Files stored in the SDA/BP archive are encrypted using the Crypt4GH standard. The sections below explain how to encrypt and upload files to the archive.
Files uploaded to the SDA/BP services must be encrypted with the appropriate public key. Depending on the service you are using, you can download the key file with the following commands:
For uploading to the SDA:
wget https://raw.githubusercontent.com/NBISweden/EGA-SE-user-docs/main/crypt4gh_key.pub
For uploading to Big Picture:
wget https://raw.githubusercontent.com/NBISweden/EGA-SE-user-docs/main/crypt4gh_bp_key.pub
After downloading the public key file, you can encrypt your files using the
sda-cli
executable obtained in the first step of this guide. To encrypt a
specific file, use the following command:
./sda-cli encrypt -key <public_key_file> <file_to_encrypt>
where <public_key_file>
is the key file downloaded in the previous step. You
can also encrypt multiple files at once by listing them, separated by spaces,
as shown below:
./sda-cli encrypt -key <public_key_file> <file_1_to_encrypt> <file_2_to_encrypt>
The tool also provides a -continue
option, which allows encryption to
continue even if one of the files fails. To enable this feature, run the
command like this:
./sda-cli encrypt -key <public_key_file> -continue=true <file_1_to_encrypt> <file_2_to_encrypt>
You can encrypt files using multiple public keys by specifying the -key
flag
multiple times. For example:
./sda-cli encrypt -key <public_key_file1> -key <public_key_file2> <file_to_encrypt>
This command encrypts the file with two keys, allowing it to be decrypted using either of the corresponding private keys. Encryption with more than two keys is also supported.
Alternatively, you can use a single file containing concatenated public keys. To create such a file, use a command like:
cat <public_key_file1> <public_key_file2> > <concatenated_public_key_file>
You can then provide this concatenated key file to the -key
argument:
./sda-cli encrypt -key <concatenated_public_key_file> <file_to_encrypt>
Combining both approaches is also allowed. For instance:
./sda-cli encrypt -key <concatenated_public_key_file> -key <public_key_file3> <file_to_encrypt>
Note: The encrypt
command generates four hash files (MD5 and SHA256) for
both the encrypted and unencrypted versions of the file.
Developer Notes: The tool creates a temporary key pair during the encryption process for enhanced security.

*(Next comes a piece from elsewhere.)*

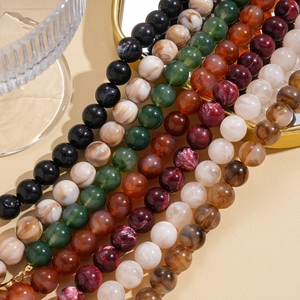 Ethnic style long sweater necklace with colorful acrylic marbled beads and vintage accents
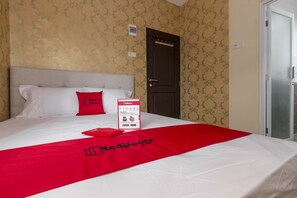 Een hotelkamer met een bed, een rode plaid en een brochure van Red Door op het bed.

After encrypting your files, they are ready to be uploaded to the SDA/BP archive. Since the S3 storage requires user authentication, you must download a configuration file before starting the upload process.
To obtain the configuration file, log in using your Life Science RI account:
- For BigPicture, visit https://login.bp.nbis.se/
Follow the dialogue to get authenticated and then click on Download inbox s3cmd credentials
to download the configuration file named s3cmd.conf
. Place this
file in the same folder as the sda-cli
executable you downloaded earlier.
The access token required for authentication can be provided in one of three ways, listed in order of priority:
- Using the
-accessToken
flag in the command. - From the
ACCESSTOKEN
environment variable. - In the configuration file.

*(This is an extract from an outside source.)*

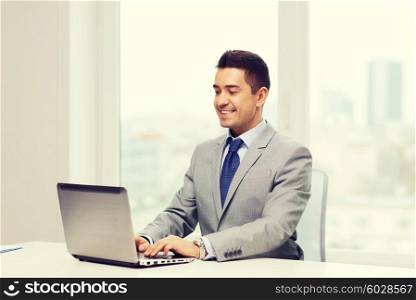 business, people and technology concept - happy smiling businessman in suit working with laptop computer in office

Once the configuration file has been downloaded, files can be uploaded to the
archive using the sda-cli
executable. To upload a specific file, use the
following command:
./sda-cli -config <configuration_file> upload <encrypted_file_to_upload>
where <configuration_file>
refers to the configuration file downloaded in the
previous step, and <encrypted_file_to_upload>
refers to a file encrypted in
the earlier steps.
The tool also supports uploading multiple files simultaneously by listing them, separated by spaces, as shown below:
./sda-cli -config <configuration_file> upload <encrypted_file_1_to_upload> <encrypted_file_2_to_upload>
Note:
- By default, files are uploaded to the user's base directory on the archive.
- If the input contains unencrypted files, the process will exit early.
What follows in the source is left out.